Is talking to your sister every day more important than reassuring your wife that she is now the most important person in your life? When your wife starts withdrawing from you and dismissing your needs, you will feel it is unfair, right. You wont count this against yourself because you think her feelings are not worth your consideration. 

But what you fail to realize is that she is asking you to do something for her which is not outside of your capacity and responsibility to do. She is asking you to mature as a man and and husband and consider her the person you can rely on. Does your sister live with you, put up with your distancing antics and take care of household task, share in your life taking care of your needs the way your wife does? Suppose your wife left you, will talking to your sister every day make up for your wife's absence. 

I think that you are doing one of the classic things passive agressive people do - you do exactly the opisite to what people want you to do. Has this been a problem in your relations up till now? How is your marriage? 

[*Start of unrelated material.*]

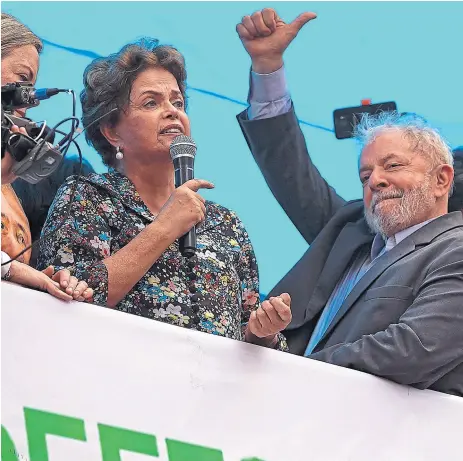  ??  ?? Dilma y Lula, ayer, durante un masivo acto en Porto Alegre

It is a very easy thing to grow up and stop taliking to your sister every day, twin or not. Stop sharing personal things having to do with your relationship and talk to your wife. Develop some empathy and compassion for your wife. Become less self centered. The statement that she does not understand what it is like to have a twin shows the state of your mind. It shows a rather malicious childishness that is very off putting in a grown married man. 

Are you purposefully trying to make her jealous? Does it give a thrill to see her react jealously? You may have a bigger problem than you think or maybe you are not mentioning here. . You tell your wife how unimportant she is to you and can't ever have such a strong bond with someone as you do. 

You sound like a little boy not a mature man. You also sound as if you have a lot of anger and resentment towards your wife. You may not know it but your marriage is in trouble. The consequences may not be appearent now but you will feel the weight of what I think is foolishness. 

Grow up and think about what you are doing.
_Posted via Mobile Device_


----------



## Mom_In-Love (Mar 18, 2012)

Catherine602 said:


> Is talking to your sister every day more important than reassuring your wife that she is now the most important person in your life? When your wife starts withdrawing from you and dismissing your needs, you will feel it is unfair, right. You wont count this against yourself because you think her feelings are not worth your consideration. But what you fail to realize is that she is asking you to do something for her which is not outside of your capacity and responsibility to do. She is asking you to mature as a man and and husband and consider her the person you can rely on.
> 
> Does your sister live with you, put up with your distancing antics and take care of household task, share in your life taking care of your needs the way your wife does? Suppose your wife left you, will talking to your sister every day make up for your wife's absence.
> 
> ...


:iagree: :iagree: :iagree:

Grow up. Stop talking to your sister so much. Stop telling your sister so many details about your private life with your wife. 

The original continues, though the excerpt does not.